Per contra there’s Roberto Bolaño (in 2666) and the character (misplaced Chilean academic, in Santa Teresa) Amalfitano’s make-believe “idiosyncratic ideas about jet lag” (which is to say, ideas about novel-writing—see “the exhaustion of the people who would still have been asleep if you hadn’t traveled”):
. . . these ideas or feelings or ramblings had their satisfactions. They turned the pain of others into memories of one’s own. They turned pain, which is natural, enduring, and eternally triumphant, into personal memory, which is human, brief, and eternally elusive. They turned a brutal story of injustice and abuse, an incoherent howl with no beginning or end, into a neatly structured story in which suicide was always held out as a possibility. They turned flight into freedom, even if freedom meant no more than the perpetuation of flight. They turned chaos into order, even if it was at the cost of what is commonly known as sanity.

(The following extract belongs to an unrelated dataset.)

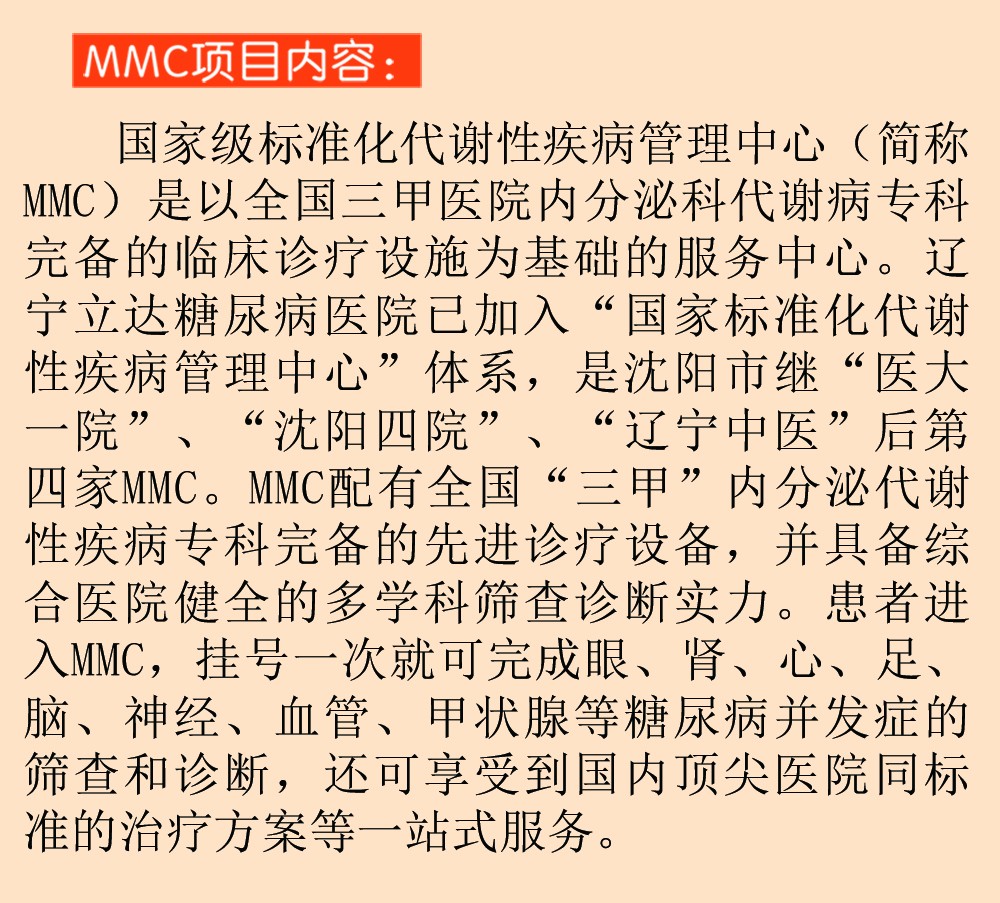 MMC项目内容2.jpg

Which would seem to damn the whole writing “enterprise” pretty thoroughly up and down no matter what the hustings. Which is not to say Guest isn’t spook’d, too, by the paucity of the endeavor—see the divagation into Coleridge riff’d whilst one character—Mewshaw—is busy hesitating “before priming forth the next syllable” (nous sommes tous semblables, tous précieux). Guest:
      Samples, mere samples. Between the negative mere and the positive sample what an interval!

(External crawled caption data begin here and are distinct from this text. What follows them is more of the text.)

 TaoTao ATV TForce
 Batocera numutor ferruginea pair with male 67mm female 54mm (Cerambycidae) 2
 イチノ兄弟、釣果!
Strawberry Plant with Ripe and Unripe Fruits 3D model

I look on the stops not as logical Symbols, but rather as dramatic directions representing the process of Thinking and Speaking conjointly . . . . [the speaker] pauses—then the activity of the mind, generating upon its generations, starts anew—& the pause is not, for which I am contending, at all retrospective, but always prospective—that is, the pause is not affected by what actually follows, but by what anterior to it was forseen as following—

                                          COLERIDGE: Notebook
. . .

      It may seem that I am taking those pauses, those lapses in a lapse, as if they were part of an intimate, even sentimental game. But I mean what I have said. Life affects me this way. I need the game, as well as the joke being played on me.

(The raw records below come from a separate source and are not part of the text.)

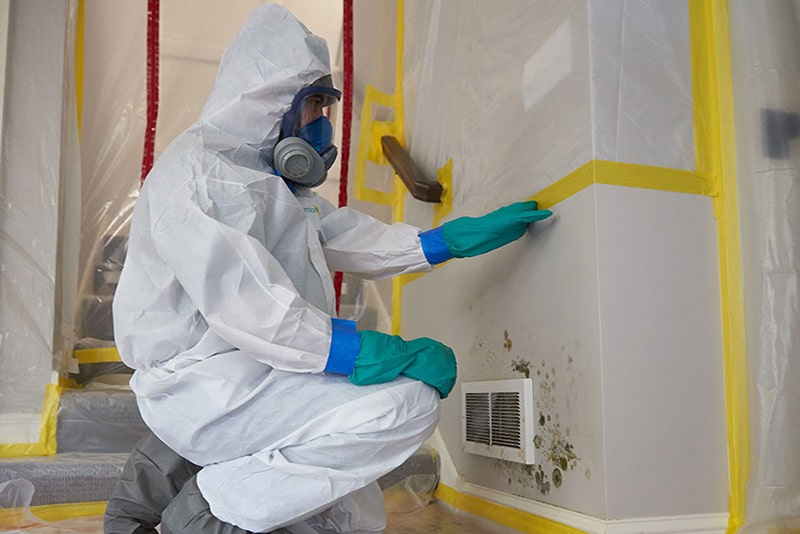What does mold remediation entail? 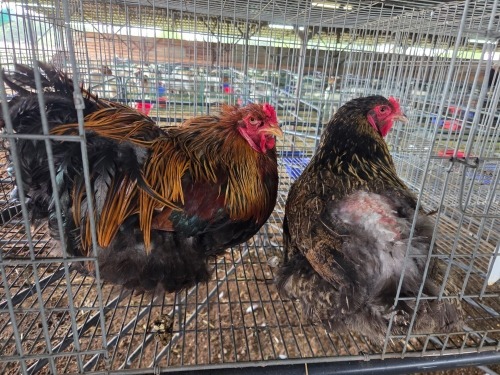 2 X BRAHMA ROOSTER & HEN SR AGRI BOERDERY PTY LTD (Pay per animal to take the lot)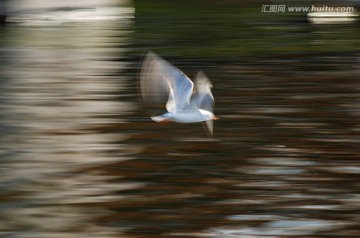 慢门海鸥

Guest continues with a remark about the interval’s being turn’d into a “fragment of time,” signal’d by usage of the dash. And all I think of is how Roberto Bolaño’d point out succinctly, raffishly and with utmost seriousness that that dash contains the dead bodies of three prostitutes murder’d inexplicably in the border town of Ciudad Juarez. So, even in 2666’s attempt to rescue poetry, hoist it up out of the degradations of the world and its uselessness—“Poetry is the one thing that isn’t contaminated, the one thing that isn’t part of the game . . . Only poetry—and let me be clear, only some of it—is good for you, only poetry isn’t shit.”—he (Bolaño) puts the words into the mouth of a man named Guerra, a minor thug who likes nothing better than to go into “bars you can’t even imagine” and pick fights by pretending to be an “arrogant little faggot with money,” “smooth, stuck-up, sarcastic, a daisy in the filthiest pigsty in Sonora” (“I need the fucking release”). Or he (Bolaño) notes how the “bookish” “clearly and inarguably” prefer “minor works to major ones” being “afraid to take on the great, imperfect, torrential works, books that blaze paths into the unknown. They choose the perfect exercises of the great masters. Or what amounts to the same thing: they want to watch the great masters spar, but they have no interest in real combat, when the great masters struggle against that something, that something that terrifies us all, that something that cows us and spurs us on, amid blood and mortal wounds and stench.” So implicating himself (Bolaño), and 2666’s excesses and torrents, the paltry human ambition, insatiable and intolerable, of it all.